BTM
  1. BTM
  2. BTM-64

If an exception in BTM.begin() occurs, the transaction context is incorrect

    Details

    • Type: Bug Bug
    • Status: Closed Closed
    • Priority: Major Major
    • Resolution: Fixed
    • Affects Version/s: 1.3.3
    • Fix Version/s: 2.0.0
    • Labels:
      None
    • Environment:
      BTM SVN Snapshot from 2009-03-22
    • Number of attachments :
      1

      Description

      (We are still running the BTM snapshot version from 2009-03-22, but judging from the code the bug is still present in the newest version)

      I am analyzing a problem that occured on a few of our servers, where we got many "transaction timed out" exceptions until the server was restarted.

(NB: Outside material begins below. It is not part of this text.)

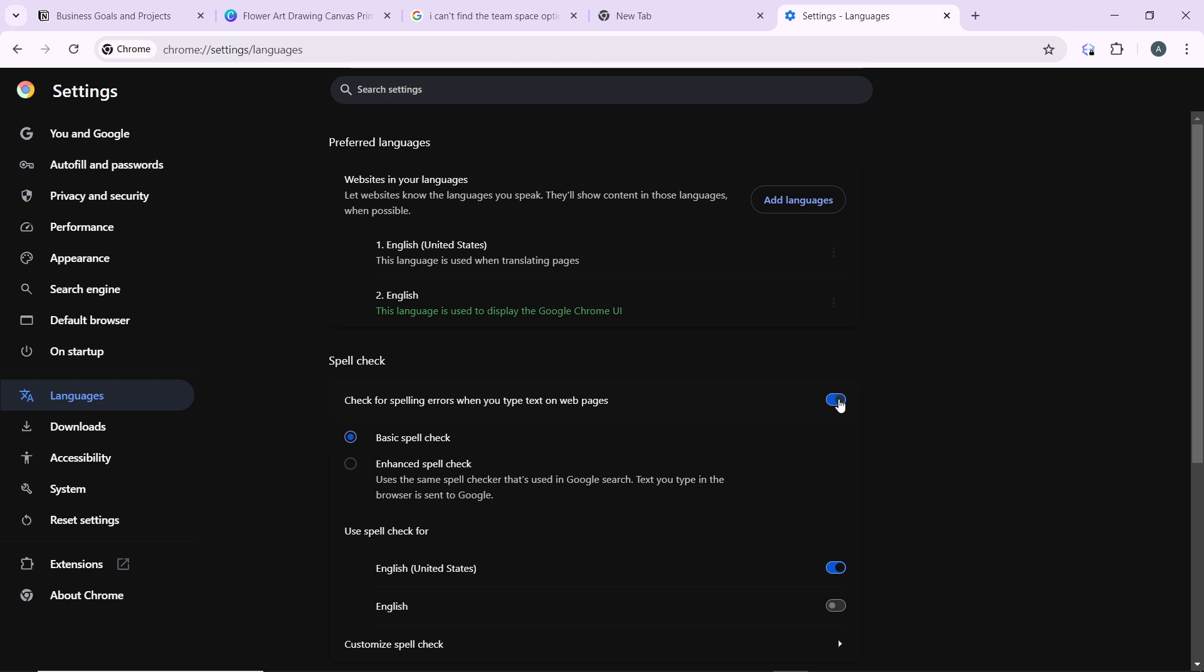Then if you're using Safari, go to preferences from the Safari menu, then click on keyboard. Under keyboard, you're going to see the text tab. Under the text tab, uncheck 'correct spelling automatically.'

      It looks like all of these exceptions occur in the same thread, after an OOM occured:

      Caused by: java.lang.OutOfMemoryError: PermGen space
      at bitronix.tm.utils.ManagementRegistrar.buildObjectName(ManagementRegistrar.java:87)
      at bitronix.tm.utils.ManagementRegistrar.register(ManagementRegistrar.java:57)
      at bitronix.tm.BitronixTransaction.setStatus(BitronixTransaction.java:278)
      at bitronix.tm.BitronixTransaction.setStatus(BitronixTransaction.java:261)
      at bitronix.tm.BitronixTransaction.setActive(BitronixTransaction.java:256)
      at bitronix.tm.BitronixTransactionManager.begin(BitronixTransactionManager.java:87)
      at XXX.DelegatingTransactionManagerInterceptor.begin(DelegatingTransactionManagerInterceptor.java:131)
      at org.springframework.transaction.jta.JtaTransactionManager.doJtaBegin(JtaTransactionManager.java:886)
      at org.springframework.transaction.jta.JtaTransactionManager.doBegin(JtaTransactionManager.java:843)

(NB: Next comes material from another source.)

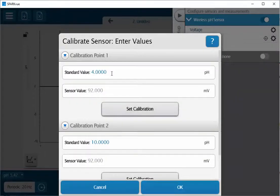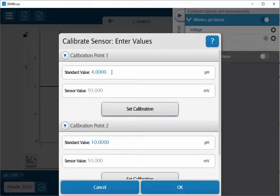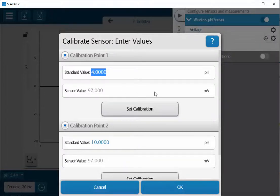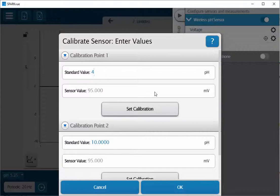By default, the standard value that's listed first is a pH 4. That's actually the type of pH buffer solution that I have, but if you wish to change it you can highlight this and place in a different value depending on what the buffer solution is that you have. Again, the buffer solution that I have is a 4 buffer solution, so I'll enter that in there.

      If my analysis is correct, an exception in BTM.begin() after the call to createTransaction() will leave the failed transaction associated to the ThreadContext. This means that after a while, every call to TransactionContextHelper.enlistInCurrentTransaction from this thread will fail, because the old transaction (that never got used due to the exception in begin(), but seems to still be marked by the TransactionTimeoutTask) will be used. Since it's marked as timed out, the call will fail.

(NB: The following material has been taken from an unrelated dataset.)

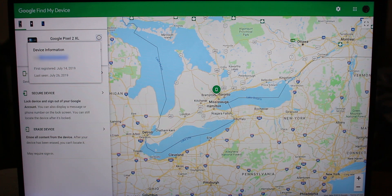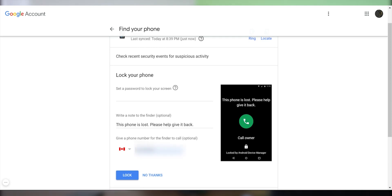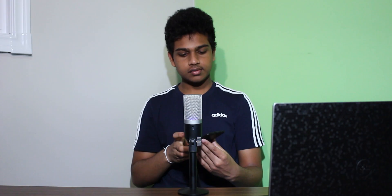If you go back to the original page and choose Lock, you can write in a phone number — I'll put in a fake one — and write a note, then set a password. If your phone already has a PIN it won't change anything, but if it doesn't, this password will override it. Press the Lock button and it'll say 'This phone is lost, please help give it back.'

      The stacktrace then looks like this:
      Caused by: java.sql.SQLException: error enlisting a JdbcConnectionHandle of a JdbcPooledConnection from datasource user2 in state ACCESSIBLE wrapping org.postgresql.xa.PGXAConnection@74187f3e on Pooled connection wrapping physical connection org.postgresql.jdbc4.Jdbc4Connection@7449fafd
      at bitronix.tm.resource.jdbc.JdbcConnectionHandle.enlistResource(JdbcConnectionHandle.java:61)
      at bitronix.tm.resource.jdbc.JdbcConnectionHandle.prepareStatement(JdbcConnectionHandle.java:200)
      at sun.reflect.GeneratedMethodAccessor72.invoke(Unknown Source)
      at sun.reflect.DelegatingMethodAccessorImpl.invoke(DelegatingMethodAccessorImpl.java:25)
      at java.lang.reflect.Method.invoke(Method.java:597)
      at org.springframework.jdbc.datasource.TransactionAwareDataSourceProxy$TransactionAwareInvocationHandler.invoke(TransactionAwareD
      ataSourceProxy.java:225)
      at $Proxy10.prepareStatement(Unknown Source)
      at com.ibatis.sqlmap.engine.execution.SqlExecutor.prepareStatement(SqlExecutor.java:494)
      at com.ibatis.sqlmap.engine.execution.SqlExecutor.executeQuery(SqlExecutor.java:176)
      at com.ibatis.sqlmap.engine.mapping.statement.GeneralStatement.sqlExecuteQuery(GeneralStatement.java:205)
      at com.ibatis.sqlmap.engine.mapping.statement.GeneralStatement.executeQueryWithCallback(GeneralStatement.java:173)
      ... 45 more
      Caused by: bitronix.tm.internal.BitronixSystemException: transaction timed out
      at bitronix.tm.resource.common.TransactionContextHelper.enlistInCurrentTransaction(TransactionContextHelper.java:44)
      at bitronix.tm.resource.jdbc.JdbcConnectionHandle.enlistResource(JdbcConnectionHandle.java:59)
      ... 55 more

        Activity

        Hide
        Brett Wooldridge added a comment -

        I'll weigh in on this issue. I do not consider this a bug in BTM. OutOfMemory is a non-recoverable Error.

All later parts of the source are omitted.